From films that pushed the boundaries of good taste with excessive gore and body horror to a big-budget sequel many viewers believed was explicitly created to troll them via a couple of films that asked genuinely uncomfortable political, sexual, and social questions, 2024 had it all.

2024’s most controversial movie moments:

10. The ‘Offspring’ eats its own mother (Alien: Romulus, Fede Alvarez)
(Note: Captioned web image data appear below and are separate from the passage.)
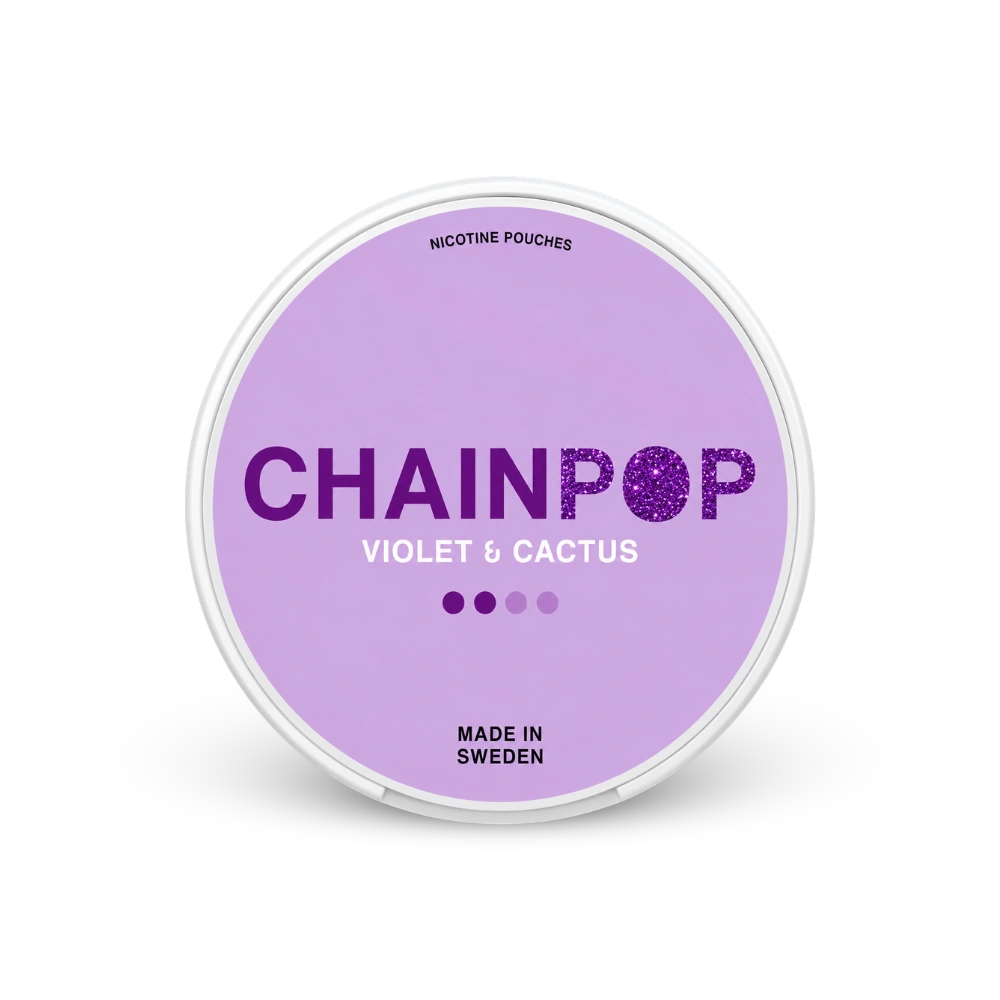 Chainpop Violet Cactus – cutie de pliculețe cu nicotină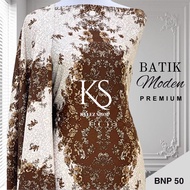 BATIK MODEN PREMIUM DOBBY SILK CORAK EXCLUSIVE BIDANG 45 OPEN METER KAIN PASANG  la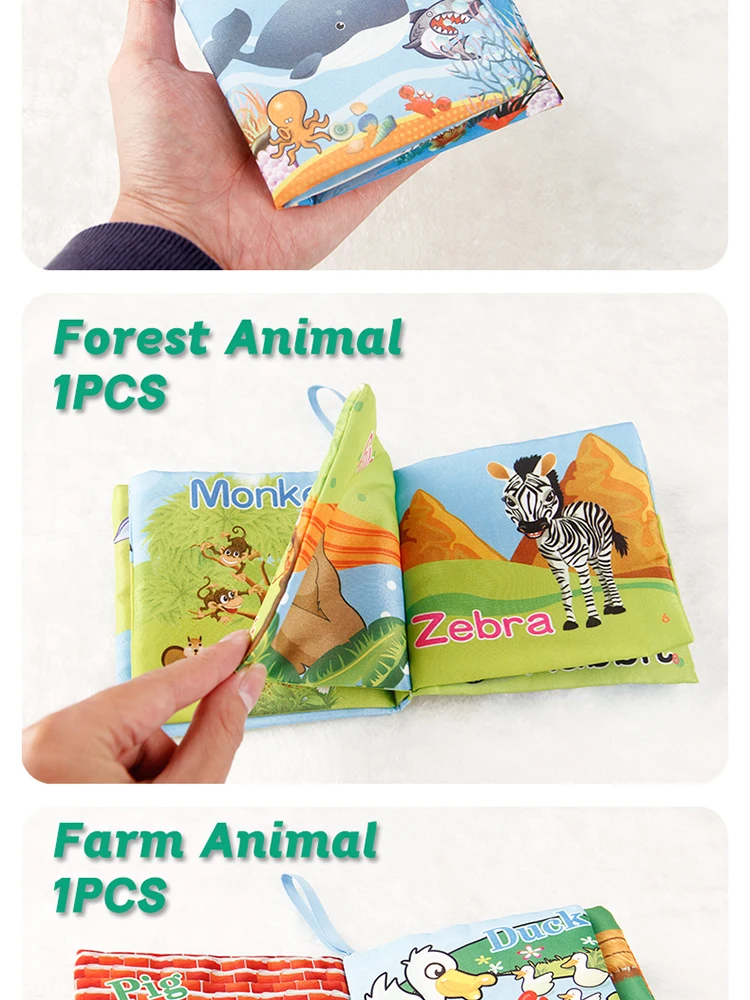 Livros de Pano Macio para Bebês Aprendizagem Precoce Pces Infantil Educacional Brinquedos Silenciosos Presente 0-3 Anos Crianças Leitura 6 3 Phones & Accessories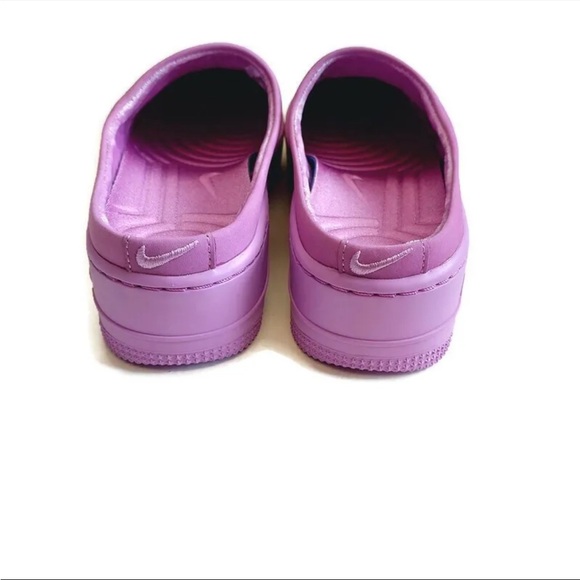 Nike Air Force 1 Lover XX Premium Leather Mules Womens Sz 7 AO1523-500 Fuchsia - Picture 3 of 5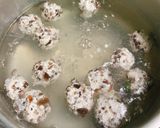 Hình bước làm 2 của món Canh Rau Muống Nấu Thịt Viên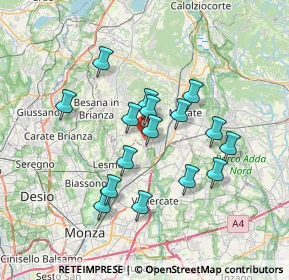 Mappa Via Ticino, 23880 Casatenovo LC, Italia (6.04375)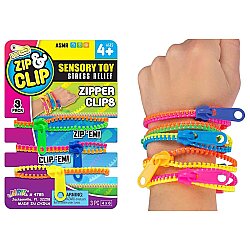 Jaru Zip & Clip 3’lü Fermuarlı Bileklik Seti 3A. S01004785 - Sunman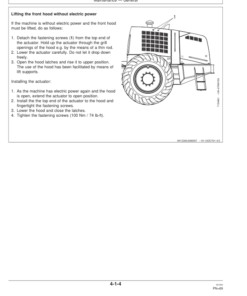 Alternative view of John Deere 1270D Wheeled Harvesters Operator's Manuals (F066327)
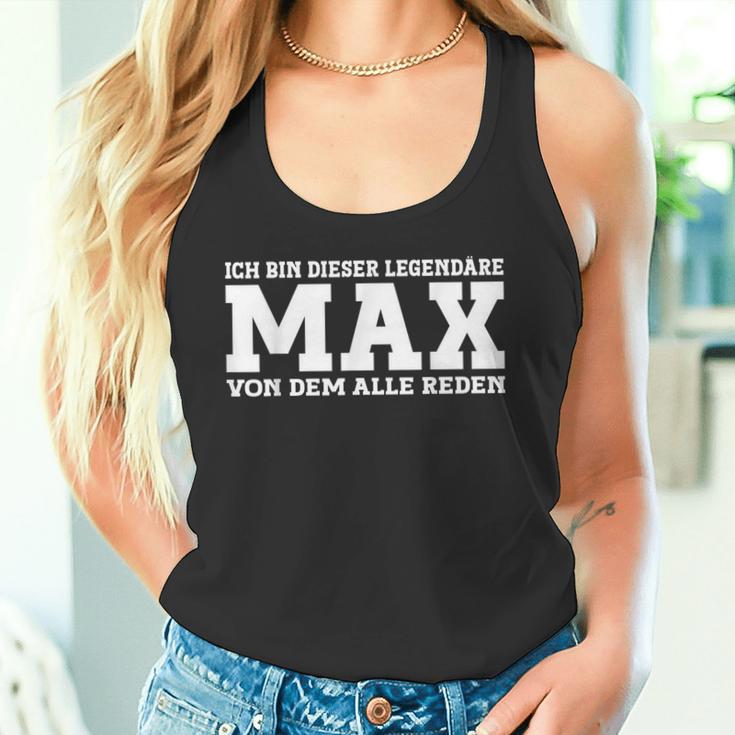 Max First Name Saying Max Tank Top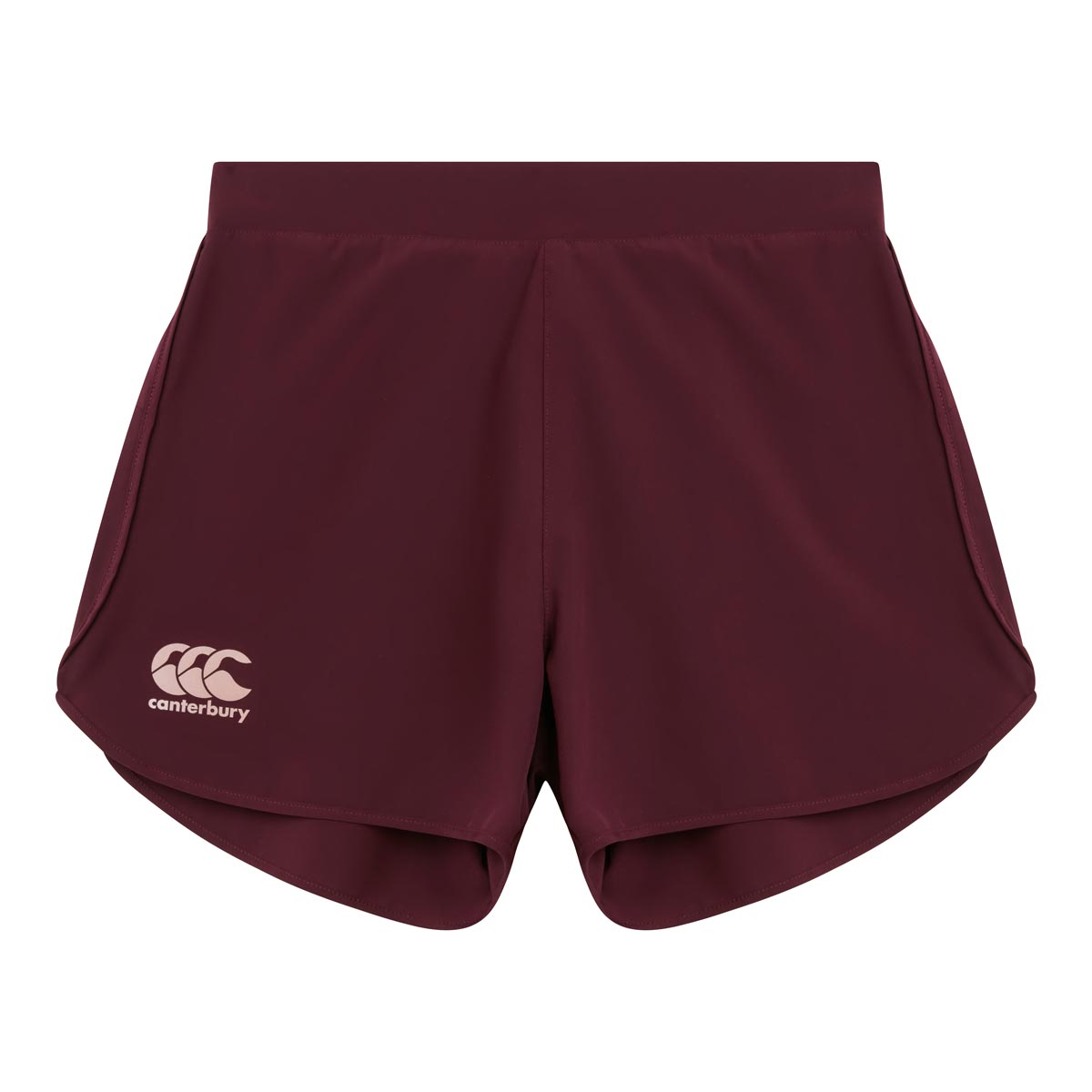 Canterbury Womens Woven Gym Shorts - Winetasting - Front Canterbury Womens Woven Gym Shorts - Winetasting - Front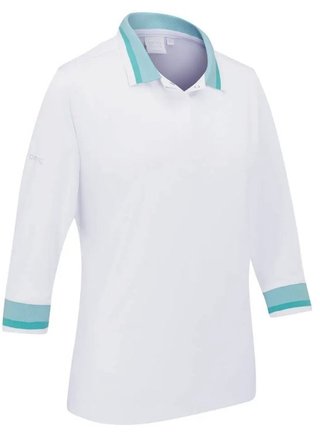 PING Lindsey dámske polo, white/bright aqua
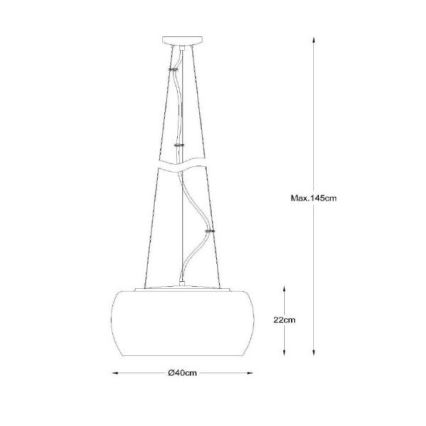 Lucide 70463/05/11 - Függeszték PEARL 5xG9/28W/230V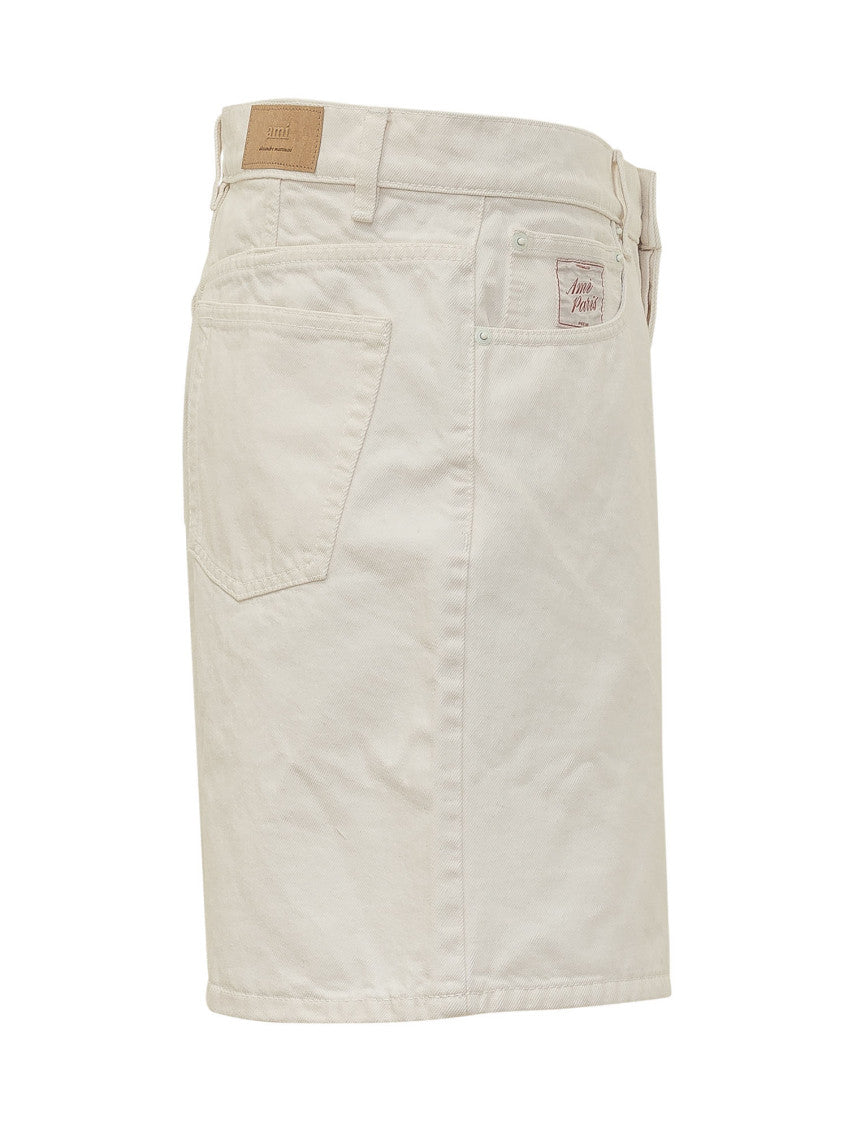 Off White Loose Shorts 3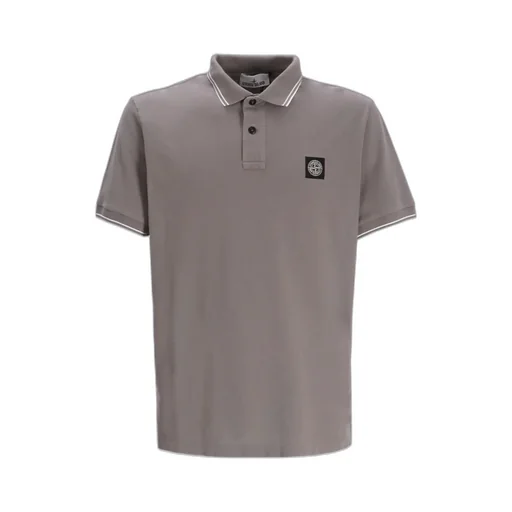 Logo-Patch Cotton Polo Shirt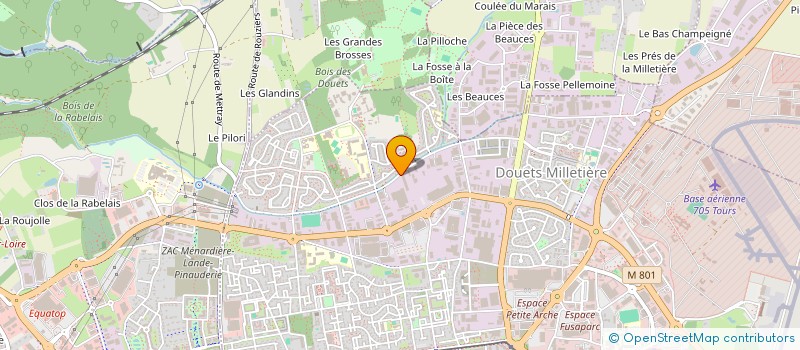 localisation de l'entreprise MONSIEUR DANIEL LAROCHE  TOURS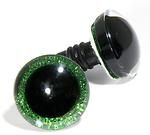 Bezpečnostní oči 25mm glitrové zelené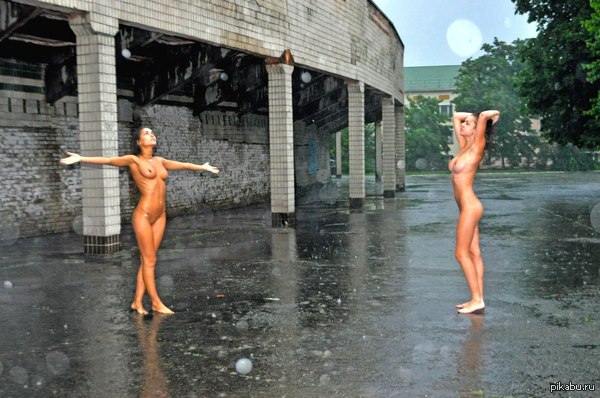 Summer rain - NSFW, Rain, Girls, Erotic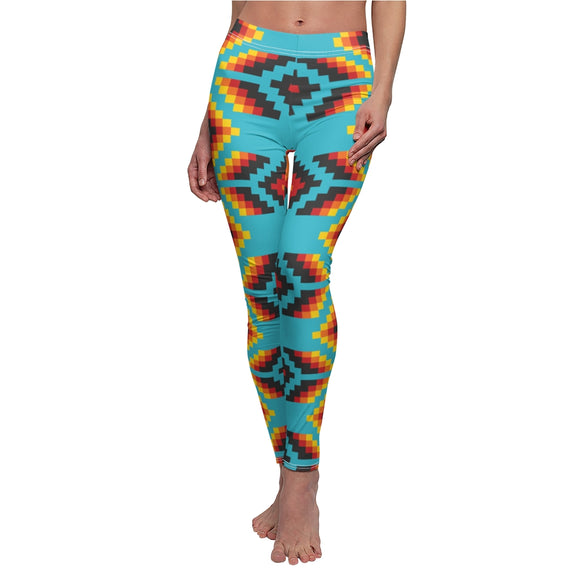 Casual Leggings Native Print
Alien: Romulus was many things all at once. It was simultaneously a callow legacy sequel that mined the nostalgia audiences have for the Alien franchise and a thrilling, crowd-pleasing sci-fi horror extravaganza. It played it safe regarding its story in many ways, taking an “If it ain’t broke, don’t fix it” tack to the material, yet it also featured two wildly controversial storytelling decisions. The first, which saw the filmmakers digitally resurrect Ian Holm’s likeness, was queasy and brought up uncomfortable questions about the use of AI in Hollywood. The second, though, was the insane scene introducing the ‘Offspring’ to the series.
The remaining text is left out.